- O Globo
STF precisa evitar impressão de agir por casuísmo. O movimento do Supremo Tribunal Federal de rever a prisão após condenação em segunda instância, agora que o ex-presidente Lula foi condenado, é casuísmo. Mostra que a lei não vale para todos. O sinal dado é que Lula é pessoa pela qual se deve mudar um entendimento em vigor. Ele passa a ser, na cidadania brasileira, superior aos outros, ou, como preferem os doutos, primus inter pares.
Lula não está sozinho nessa torcida para que mude o entendimento do Supremo. Há políticos, empresários, servidores, investigados, denunciados ou condenados pela Lava-Jato que querem que continue a existir essa interminável avenida recursal, pela qual sempre caminhou a impunidade brasileira para os crimes de colarinho branco. Imagine só a torcida na cela de Sérgio Cabral ou de Eduardo Cunha. Há torcida também até no Planalto, afinal, ao fim do mandato o ex-presidente Michel Temer enfrentará os processos dos quais fugiu recentemente quando o Congresso recusou as denúncias do Ministério Público.
Há várias questões postas diante desse nó cego em que o país está. Dois ex-presidentes estavam, na quinta-feira, no palco de uma reunião partidária quando o PT fez repetidas afirmações de que não respeitaria a decisão judicial. A promessa foi afrontar o Judiciário e responder à sentença com luta de rua. O que significa não respeitar decisão do Judiciário? Nada. É retórica de palanque apenas, porque se a ordem for de prisão será cumprida, e se a decisão for de inelegibilidade assim será. Ninguém pode ser candidato sem sê-lo pela lei eleitoral. A decisão de entregar o passaporte foi cumprida no começo da sexta-feira, distanciando discurso e gesto.

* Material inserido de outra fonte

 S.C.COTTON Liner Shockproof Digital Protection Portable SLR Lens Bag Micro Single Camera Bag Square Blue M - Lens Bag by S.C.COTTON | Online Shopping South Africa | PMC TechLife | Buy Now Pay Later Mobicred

O que precisa ficar mais clara é a linha divisória entre retórica inflamada de campanha e o que líderes políticos, principalmente os que já tiveram o poder de governar o Brasil, podem dizer ou estimular. A briga que conta, e o PT sabe disso, é a que ele travará nos tribunais da mesma Justiça que ele diz desprezar quando recebe resultados desfavoráveis.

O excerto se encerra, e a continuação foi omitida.